The listing, minus its pictures, is to be given again exactly.

> _Information shown_
BEGIN

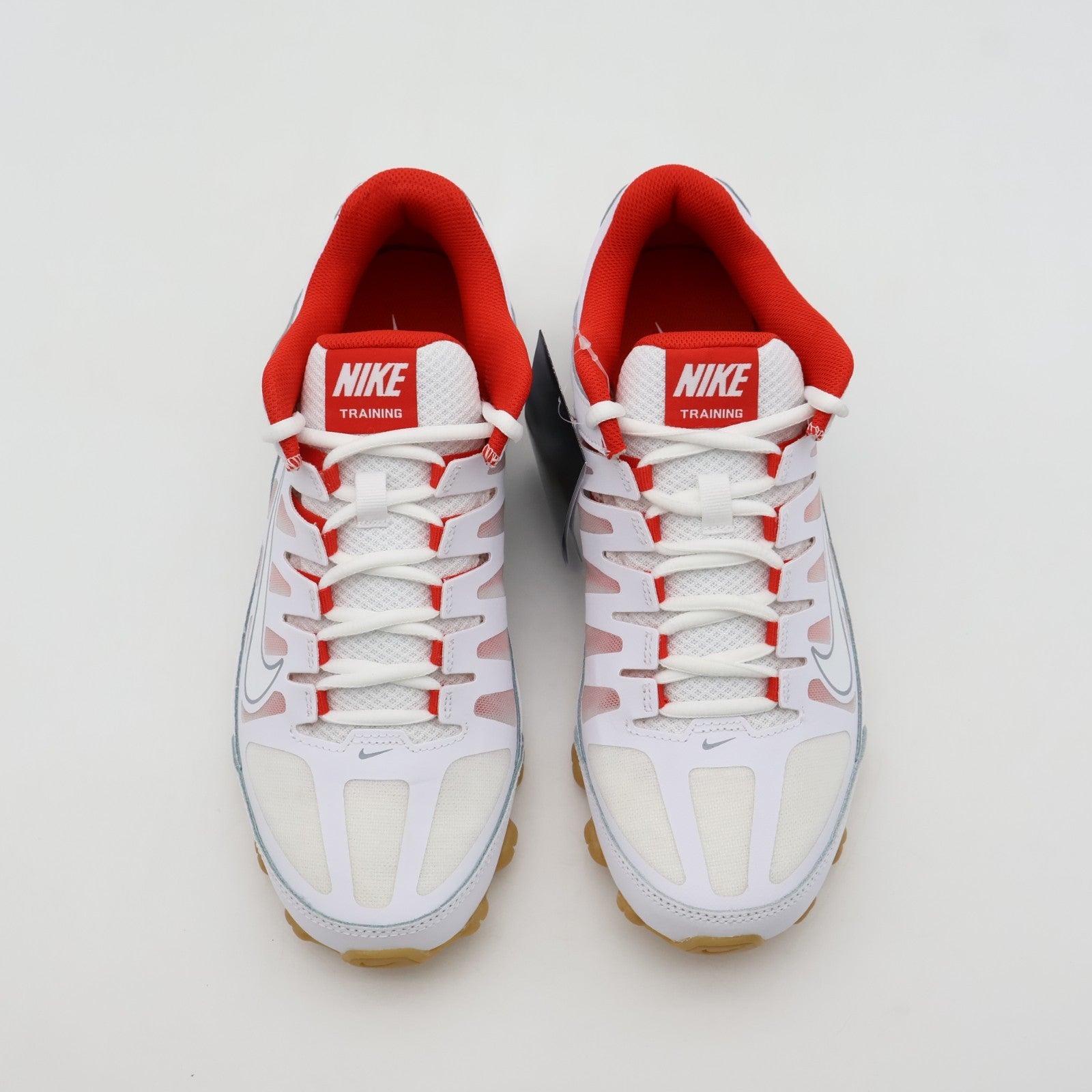 621716-103 Nike Reax 8 TR White Wolf Grey Chile Red White (Men's)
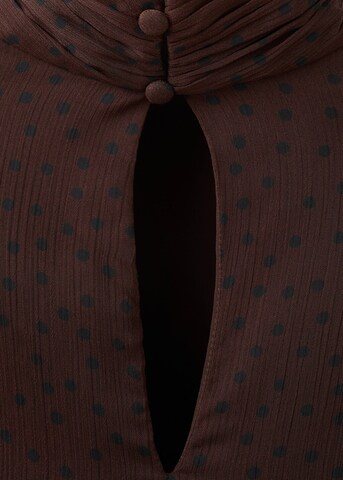 MANGO Kleid 'Lurdes' in Braun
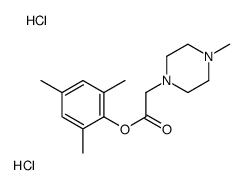 (2,4,6-trimethylphenyl) 2-(4-methylpiperazin-1-yl)acetate,dihydrochloride Structure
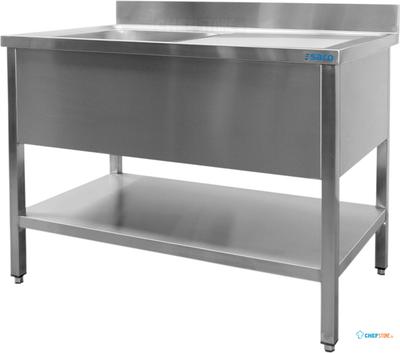 SARO Spoeltafel met 1 Wasbak Links 700 mm Diepte 1400 Mm - 700-2515L 1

END

> _Answer space_
 621716-103 Nike Reax 8 TR White Wolf Grey Chile Red White (Men's)
 MANGO Kleid 'Lurdes' in Braun
 (2,4,6-trimethylphenyl) 2-(4-methylpiperazin-1-yl)acetate,dihydrochloride Structure
 SARO Spoeltafel met 1 Wasbak Links 700 mm Diepte 1400 Mm - 700-2515L 1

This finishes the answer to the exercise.